Please write out exactly the line containing "1.5mm 10K Yellow" below and every line after it, through the last one, but leave out any pictures.

▸ **SUPPLIED MATERIAL**:
=-=-=-=-=
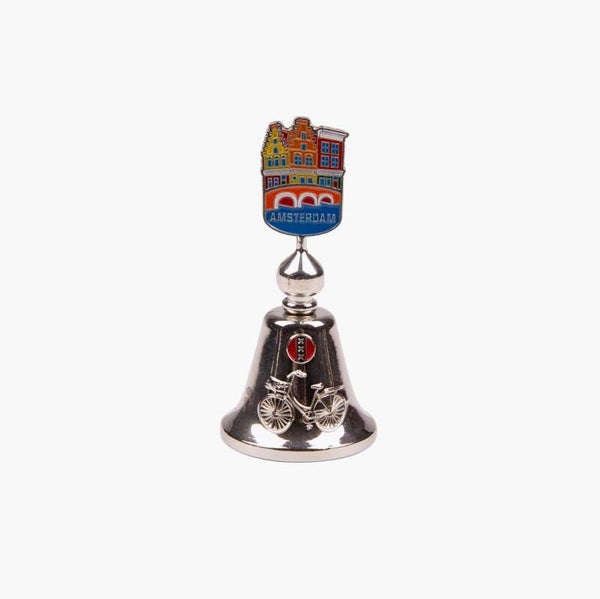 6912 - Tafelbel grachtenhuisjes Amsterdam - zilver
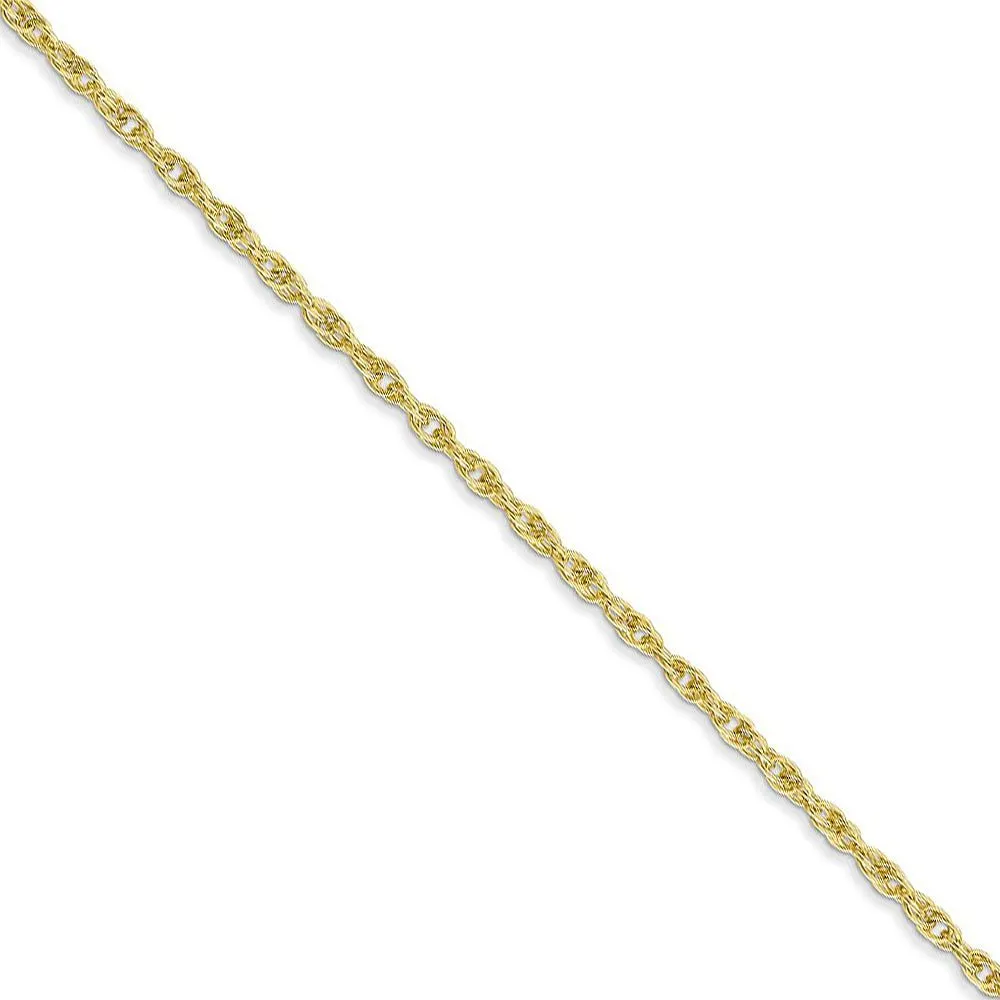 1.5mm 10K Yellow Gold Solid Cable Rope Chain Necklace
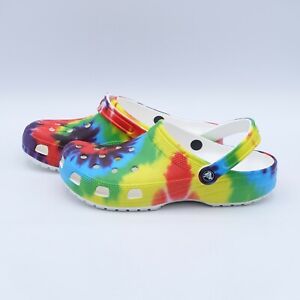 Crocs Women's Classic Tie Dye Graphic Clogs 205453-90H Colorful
=-=-=-=-=
▸ **RESULT OF THE EXERCISE**:
 1.5mm 10K Yellow Gold Solid Cable Rope Chain Necklace
 Crocs Women's Classic Tie Dye Graphic Clogs 205453-90H Colorful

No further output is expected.